TASK DETAILS - Extract every line below that contains the word "Sheet".

RECORDED DATA -
══════════

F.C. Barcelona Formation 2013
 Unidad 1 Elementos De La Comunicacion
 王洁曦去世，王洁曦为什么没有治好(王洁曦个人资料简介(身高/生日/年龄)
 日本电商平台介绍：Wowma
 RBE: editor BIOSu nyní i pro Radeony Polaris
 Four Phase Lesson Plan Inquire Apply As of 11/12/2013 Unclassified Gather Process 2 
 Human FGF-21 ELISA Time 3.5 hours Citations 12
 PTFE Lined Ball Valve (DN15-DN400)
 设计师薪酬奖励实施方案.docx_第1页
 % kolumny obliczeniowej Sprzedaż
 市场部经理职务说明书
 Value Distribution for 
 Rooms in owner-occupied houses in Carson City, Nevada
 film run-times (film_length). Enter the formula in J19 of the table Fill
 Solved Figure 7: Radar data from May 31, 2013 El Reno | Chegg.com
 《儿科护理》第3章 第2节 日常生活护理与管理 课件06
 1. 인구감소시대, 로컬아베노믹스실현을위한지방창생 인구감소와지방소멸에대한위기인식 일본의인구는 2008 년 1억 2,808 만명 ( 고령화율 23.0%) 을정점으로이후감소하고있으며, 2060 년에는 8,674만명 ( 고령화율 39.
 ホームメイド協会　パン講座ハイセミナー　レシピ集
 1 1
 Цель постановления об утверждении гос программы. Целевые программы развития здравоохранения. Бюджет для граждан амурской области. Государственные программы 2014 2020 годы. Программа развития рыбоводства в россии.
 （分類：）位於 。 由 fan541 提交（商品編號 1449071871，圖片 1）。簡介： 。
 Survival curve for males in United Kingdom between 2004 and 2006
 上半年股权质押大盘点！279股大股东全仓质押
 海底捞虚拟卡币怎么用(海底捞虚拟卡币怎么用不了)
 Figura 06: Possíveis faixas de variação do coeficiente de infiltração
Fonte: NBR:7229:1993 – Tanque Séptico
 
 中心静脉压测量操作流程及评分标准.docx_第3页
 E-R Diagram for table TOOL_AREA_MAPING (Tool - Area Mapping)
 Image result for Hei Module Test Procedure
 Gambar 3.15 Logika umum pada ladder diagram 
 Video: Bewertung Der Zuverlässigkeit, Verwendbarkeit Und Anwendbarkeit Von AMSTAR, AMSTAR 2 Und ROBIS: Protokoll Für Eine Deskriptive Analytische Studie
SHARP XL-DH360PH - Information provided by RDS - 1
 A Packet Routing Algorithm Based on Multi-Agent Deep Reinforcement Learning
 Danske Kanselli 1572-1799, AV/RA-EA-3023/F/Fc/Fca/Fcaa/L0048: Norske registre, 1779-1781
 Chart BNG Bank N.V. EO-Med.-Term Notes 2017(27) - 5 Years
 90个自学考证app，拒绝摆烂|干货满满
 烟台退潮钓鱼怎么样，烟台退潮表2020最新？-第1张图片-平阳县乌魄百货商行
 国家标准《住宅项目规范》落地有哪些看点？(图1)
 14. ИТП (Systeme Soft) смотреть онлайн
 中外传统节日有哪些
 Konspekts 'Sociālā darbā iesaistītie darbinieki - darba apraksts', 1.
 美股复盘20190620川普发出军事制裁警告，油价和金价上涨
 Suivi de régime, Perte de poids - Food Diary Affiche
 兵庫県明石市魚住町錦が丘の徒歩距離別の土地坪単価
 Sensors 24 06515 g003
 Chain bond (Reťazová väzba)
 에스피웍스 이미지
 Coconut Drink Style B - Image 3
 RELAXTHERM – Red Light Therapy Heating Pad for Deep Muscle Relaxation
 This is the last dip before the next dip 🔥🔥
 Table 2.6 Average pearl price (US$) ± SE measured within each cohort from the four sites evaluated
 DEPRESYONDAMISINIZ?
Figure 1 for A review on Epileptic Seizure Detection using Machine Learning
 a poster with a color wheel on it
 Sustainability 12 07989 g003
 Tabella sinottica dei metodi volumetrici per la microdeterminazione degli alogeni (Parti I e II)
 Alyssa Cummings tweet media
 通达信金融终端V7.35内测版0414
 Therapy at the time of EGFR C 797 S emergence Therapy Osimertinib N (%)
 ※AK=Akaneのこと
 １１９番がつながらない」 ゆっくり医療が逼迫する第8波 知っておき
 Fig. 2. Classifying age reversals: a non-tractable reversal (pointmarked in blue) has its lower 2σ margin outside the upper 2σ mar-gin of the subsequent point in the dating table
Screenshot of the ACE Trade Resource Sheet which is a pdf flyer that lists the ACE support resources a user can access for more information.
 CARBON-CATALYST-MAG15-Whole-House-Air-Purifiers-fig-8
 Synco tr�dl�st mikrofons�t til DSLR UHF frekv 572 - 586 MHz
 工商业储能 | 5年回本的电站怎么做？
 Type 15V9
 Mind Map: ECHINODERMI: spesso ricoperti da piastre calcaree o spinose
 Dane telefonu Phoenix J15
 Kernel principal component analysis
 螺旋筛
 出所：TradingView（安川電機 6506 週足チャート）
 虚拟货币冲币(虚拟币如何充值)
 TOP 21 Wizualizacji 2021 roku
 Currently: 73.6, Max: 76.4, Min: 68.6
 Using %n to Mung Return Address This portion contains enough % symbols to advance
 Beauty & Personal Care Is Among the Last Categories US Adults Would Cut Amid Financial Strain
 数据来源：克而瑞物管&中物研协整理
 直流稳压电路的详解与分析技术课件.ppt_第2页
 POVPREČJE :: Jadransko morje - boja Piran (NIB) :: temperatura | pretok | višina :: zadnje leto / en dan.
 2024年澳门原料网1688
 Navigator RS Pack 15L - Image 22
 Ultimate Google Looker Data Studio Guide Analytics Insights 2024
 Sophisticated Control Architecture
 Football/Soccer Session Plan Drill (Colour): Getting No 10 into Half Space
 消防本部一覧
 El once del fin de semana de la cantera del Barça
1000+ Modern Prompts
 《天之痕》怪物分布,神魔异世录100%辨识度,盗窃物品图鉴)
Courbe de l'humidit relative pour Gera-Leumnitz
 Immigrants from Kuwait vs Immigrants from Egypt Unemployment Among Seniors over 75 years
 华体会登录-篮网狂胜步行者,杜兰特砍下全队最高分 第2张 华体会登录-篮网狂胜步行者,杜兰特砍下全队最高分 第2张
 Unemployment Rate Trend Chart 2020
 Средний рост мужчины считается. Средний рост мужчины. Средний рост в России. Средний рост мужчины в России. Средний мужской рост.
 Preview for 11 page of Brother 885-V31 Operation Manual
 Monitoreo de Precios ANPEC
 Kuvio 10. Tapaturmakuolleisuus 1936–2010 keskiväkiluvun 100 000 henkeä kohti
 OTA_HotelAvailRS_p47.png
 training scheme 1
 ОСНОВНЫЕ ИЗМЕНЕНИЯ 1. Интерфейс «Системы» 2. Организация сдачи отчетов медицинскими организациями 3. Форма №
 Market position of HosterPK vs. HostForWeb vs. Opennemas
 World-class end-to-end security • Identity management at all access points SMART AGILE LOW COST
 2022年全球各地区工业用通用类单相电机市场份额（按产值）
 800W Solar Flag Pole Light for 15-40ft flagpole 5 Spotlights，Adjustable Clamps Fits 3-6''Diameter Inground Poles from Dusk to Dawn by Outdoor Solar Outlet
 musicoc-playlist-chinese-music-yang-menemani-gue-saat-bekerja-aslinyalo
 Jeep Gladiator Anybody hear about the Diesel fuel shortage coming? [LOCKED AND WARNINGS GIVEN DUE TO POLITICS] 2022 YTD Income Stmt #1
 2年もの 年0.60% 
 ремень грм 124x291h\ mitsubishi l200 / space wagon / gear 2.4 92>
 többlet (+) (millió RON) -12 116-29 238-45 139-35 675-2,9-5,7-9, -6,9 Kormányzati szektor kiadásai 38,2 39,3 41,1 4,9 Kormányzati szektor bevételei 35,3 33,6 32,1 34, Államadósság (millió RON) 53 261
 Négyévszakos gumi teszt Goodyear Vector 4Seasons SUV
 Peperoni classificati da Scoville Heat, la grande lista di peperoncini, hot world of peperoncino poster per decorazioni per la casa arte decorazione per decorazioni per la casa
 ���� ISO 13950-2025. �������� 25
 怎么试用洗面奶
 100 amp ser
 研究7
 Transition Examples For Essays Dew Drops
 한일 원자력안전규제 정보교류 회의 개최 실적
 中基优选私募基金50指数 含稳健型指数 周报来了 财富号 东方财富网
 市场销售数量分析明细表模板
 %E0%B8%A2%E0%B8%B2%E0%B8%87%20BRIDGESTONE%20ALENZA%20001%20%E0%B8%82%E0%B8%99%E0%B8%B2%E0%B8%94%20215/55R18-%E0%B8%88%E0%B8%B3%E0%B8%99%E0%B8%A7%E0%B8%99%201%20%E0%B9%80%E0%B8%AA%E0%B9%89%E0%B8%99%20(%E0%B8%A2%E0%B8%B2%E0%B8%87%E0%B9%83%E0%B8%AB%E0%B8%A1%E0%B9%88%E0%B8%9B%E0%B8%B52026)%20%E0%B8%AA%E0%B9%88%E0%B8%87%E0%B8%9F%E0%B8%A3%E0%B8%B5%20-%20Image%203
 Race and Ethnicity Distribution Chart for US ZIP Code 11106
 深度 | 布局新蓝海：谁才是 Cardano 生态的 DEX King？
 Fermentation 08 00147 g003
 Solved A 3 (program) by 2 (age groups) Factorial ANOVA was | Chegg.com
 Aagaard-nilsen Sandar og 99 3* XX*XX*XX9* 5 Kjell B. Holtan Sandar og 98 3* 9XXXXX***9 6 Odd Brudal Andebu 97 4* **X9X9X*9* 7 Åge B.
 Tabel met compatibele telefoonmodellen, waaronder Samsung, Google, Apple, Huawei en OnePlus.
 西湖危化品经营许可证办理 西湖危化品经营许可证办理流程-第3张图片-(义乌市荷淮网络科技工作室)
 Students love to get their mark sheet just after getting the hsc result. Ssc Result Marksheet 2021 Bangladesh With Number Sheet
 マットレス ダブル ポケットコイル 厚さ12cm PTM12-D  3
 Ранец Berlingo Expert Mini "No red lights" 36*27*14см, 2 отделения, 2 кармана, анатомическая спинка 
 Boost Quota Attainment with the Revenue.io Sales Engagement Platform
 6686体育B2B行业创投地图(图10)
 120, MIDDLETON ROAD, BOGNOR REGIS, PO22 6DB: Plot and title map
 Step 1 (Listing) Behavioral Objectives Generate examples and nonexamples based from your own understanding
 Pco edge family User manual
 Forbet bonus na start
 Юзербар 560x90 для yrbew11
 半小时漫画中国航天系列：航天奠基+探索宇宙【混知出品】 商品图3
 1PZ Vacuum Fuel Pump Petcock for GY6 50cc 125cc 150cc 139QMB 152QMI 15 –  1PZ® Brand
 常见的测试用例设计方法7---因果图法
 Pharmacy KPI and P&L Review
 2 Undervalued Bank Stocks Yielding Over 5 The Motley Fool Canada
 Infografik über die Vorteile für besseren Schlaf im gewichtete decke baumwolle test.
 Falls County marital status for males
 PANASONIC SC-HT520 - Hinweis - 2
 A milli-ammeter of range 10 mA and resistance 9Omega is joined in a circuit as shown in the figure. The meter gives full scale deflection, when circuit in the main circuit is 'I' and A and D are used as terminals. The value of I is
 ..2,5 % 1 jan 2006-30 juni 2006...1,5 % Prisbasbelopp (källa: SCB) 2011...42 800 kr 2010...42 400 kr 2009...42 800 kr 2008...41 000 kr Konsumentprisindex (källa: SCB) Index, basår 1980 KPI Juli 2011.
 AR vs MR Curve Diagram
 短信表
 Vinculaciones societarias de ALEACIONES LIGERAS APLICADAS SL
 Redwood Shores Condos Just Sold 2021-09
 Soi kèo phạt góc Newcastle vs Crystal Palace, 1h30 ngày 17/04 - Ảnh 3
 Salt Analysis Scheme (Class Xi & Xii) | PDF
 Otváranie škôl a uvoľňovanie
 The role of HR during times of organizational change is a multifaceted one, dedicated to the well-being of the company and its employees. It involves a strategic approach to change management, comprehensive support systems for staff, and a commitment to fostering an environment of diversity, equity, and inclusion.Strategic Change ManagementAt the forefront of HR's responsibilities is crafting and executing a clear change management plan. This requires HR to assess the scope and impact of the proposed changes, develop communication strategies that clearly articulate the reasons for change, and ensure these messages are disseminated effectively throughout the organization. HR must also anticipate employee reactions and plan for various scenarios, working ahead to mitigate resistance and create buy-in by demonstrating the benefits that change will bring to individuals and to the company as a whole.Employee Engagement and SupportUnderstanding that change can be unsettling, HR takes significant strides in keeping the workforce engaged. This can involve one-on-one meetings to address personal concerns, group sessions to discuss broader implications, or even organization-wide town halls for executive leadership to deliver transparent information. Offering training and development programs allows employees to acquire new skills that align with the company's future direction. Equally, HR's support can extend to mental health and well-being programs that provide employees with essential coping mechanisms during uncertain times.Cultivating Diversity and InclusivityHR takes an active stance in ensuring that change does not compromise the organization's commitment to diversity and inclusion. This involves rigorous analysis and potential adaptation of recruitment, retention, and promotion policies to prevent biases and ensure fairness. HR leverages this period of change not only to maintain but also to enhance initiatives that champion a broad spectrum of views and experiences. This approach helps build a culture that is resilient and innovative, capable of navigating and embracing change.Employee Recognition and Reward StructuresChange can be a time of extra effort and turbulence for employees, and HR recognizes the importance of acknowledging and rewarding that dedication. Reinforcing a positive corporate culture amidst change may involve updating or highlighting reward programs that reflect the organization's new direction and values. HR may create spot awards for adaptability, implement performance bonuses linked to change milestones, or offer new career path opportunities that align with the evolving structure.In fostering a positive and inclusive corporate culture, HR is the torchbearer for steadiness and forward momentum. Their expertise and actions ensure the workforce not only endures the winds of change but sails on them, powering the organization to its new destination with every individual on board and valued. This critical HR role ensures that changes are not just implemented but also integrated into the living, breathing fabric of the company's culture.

══════════

TASK RESPONSE -
Screenshot of the ACE Trade Resource Sheet which is a pdf flyer that lists the ACE support resources a user can access for more information.
 Students love to get their mark sheet just after getting the hsc result. Ssc Result Marksheet 2021 Bangladesh With Number Sheet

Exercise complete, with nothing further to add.